Try it
Output all entries verbatim, dropping pictures.

Content starts

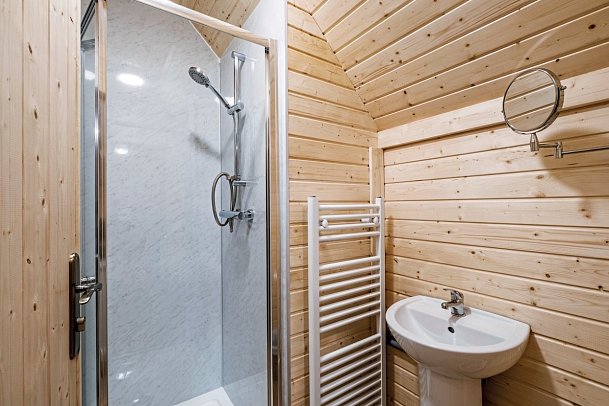 Cairngorm Bothies - Wohnbeispiel Badezimmer (Zimmercodierungen BB1 & BI1)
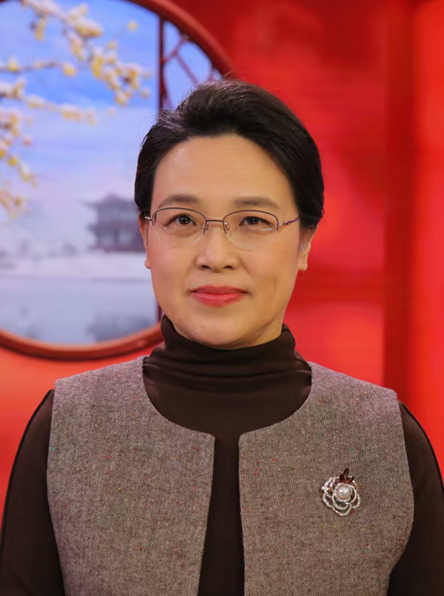 杨秀(民俗学)博士,中国艺术研究院副研究员,兼任中国民俗学会副会长。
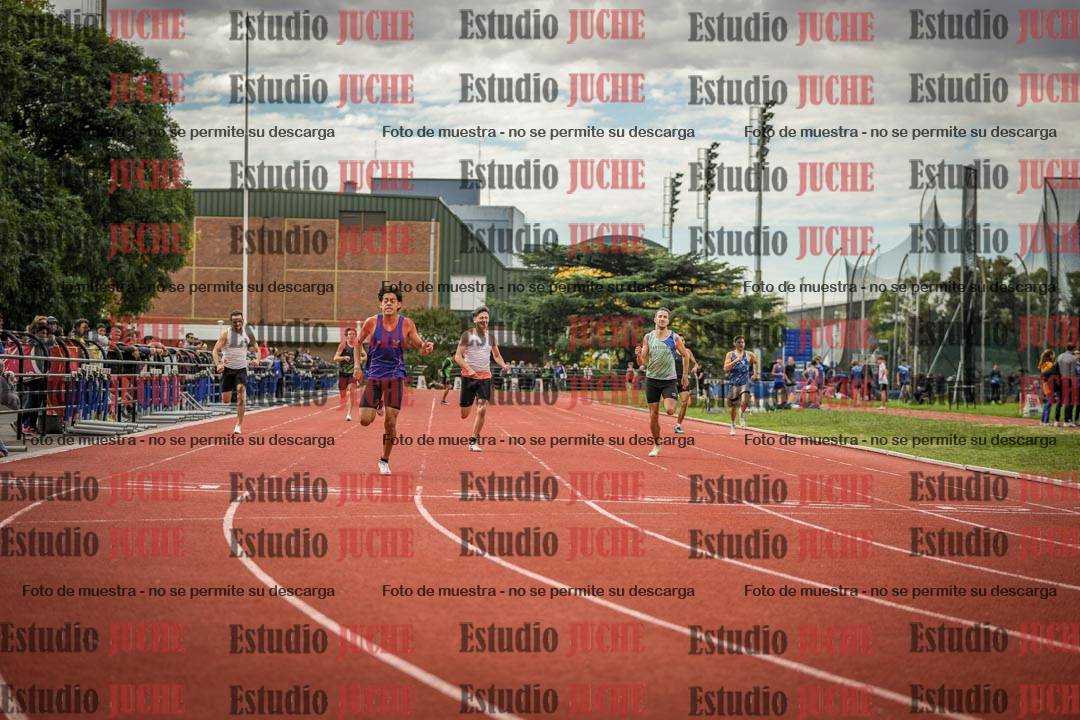 Fotos de los 400 m llanos de varones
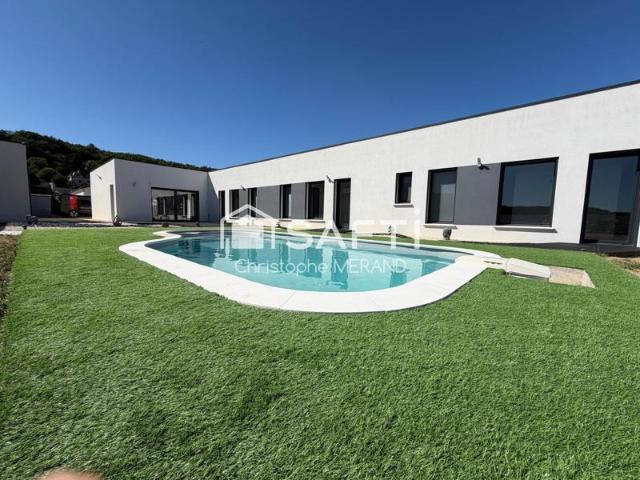 Villa d'architecte contemporaine avec piscine – 272 m² habitables –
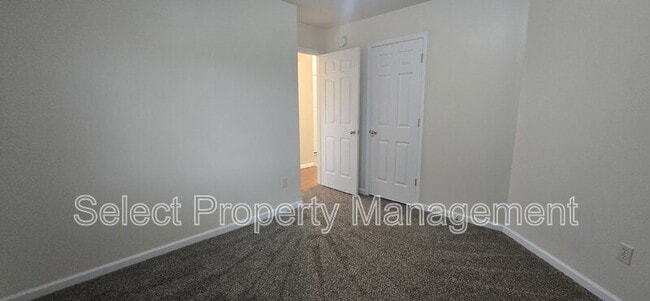 Building Photo - 2515 Grassy Creek Run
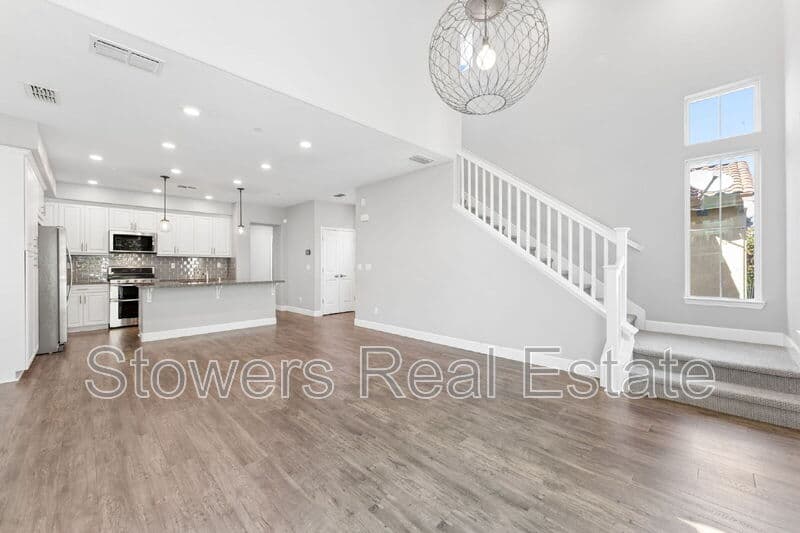 Hayward House: 220 Caterina Way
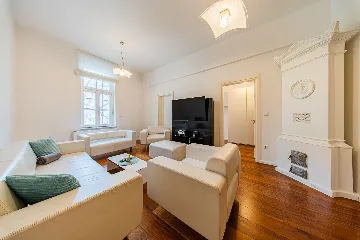Two-Bedroom Apartment in Zagreb for up to 5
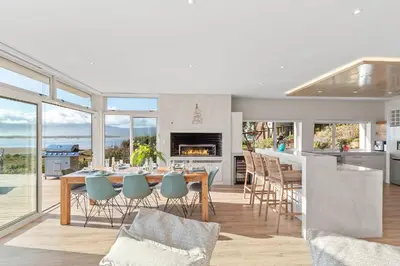 Gallery image of MBIZI lagoon house in Hermanus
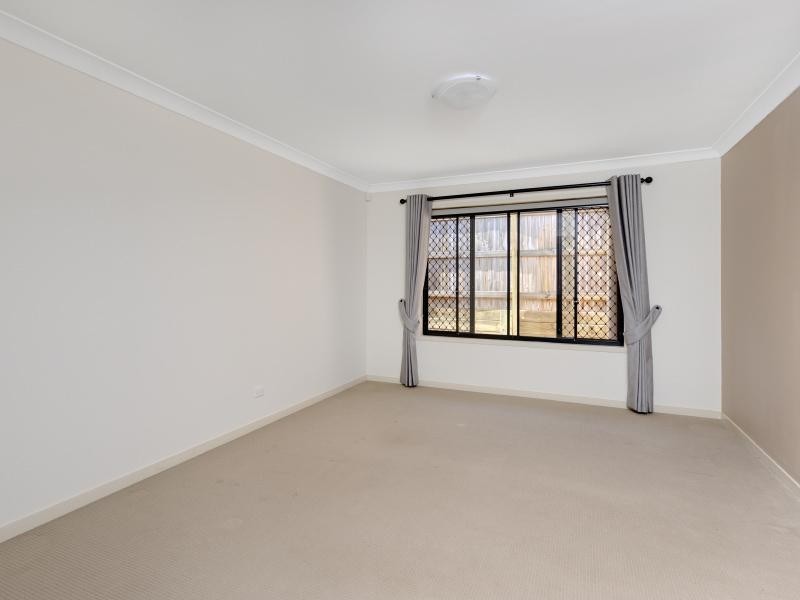 10 Plymouth Place, Calamvale QLD 4116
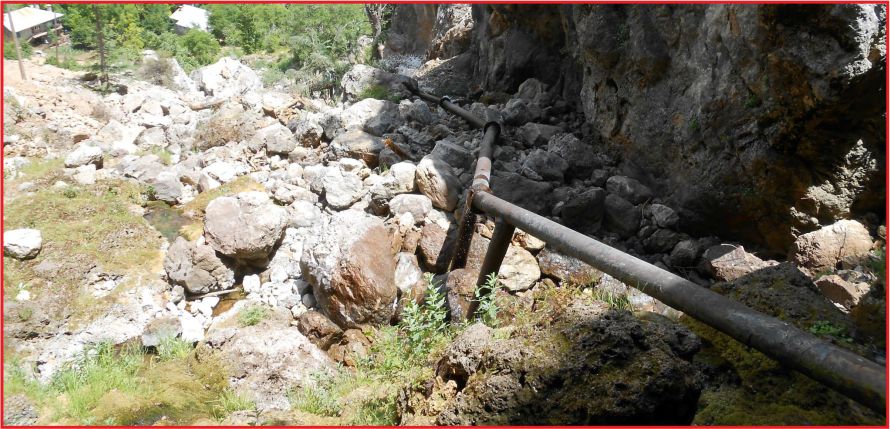 DAĞDAN KOPAN DEV KAYA KÖYÜ SUSUZ BIRAKTI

Content ends

Answer space
 Cairngorm Bothies - Wohnbeispiel Badezimmer (Zimmercodierungen BB1 & BI1)
 杨秀(民俗学)博士,中国艺术研究院副研究员,兼任中国民俗学会副会长。
 Fotos de los 400 m llanos de varones
 Villa d'architecte contemporaine avec piscine – 272 m² habitables –
 Building Photo - 2515 Grassy Creek Run
 Hayward House: 220 Caterina Way
Two-Bedroom Apartment in Zagreb for up to 5
 Gallery image of MBIZI lagoon house in Hermanus
 10 Plymouth Place, Calamvale QLD 4116
 DAĞDAN KOPAN DEV KAYA KÖYÜ SUSUZ BIRAKTI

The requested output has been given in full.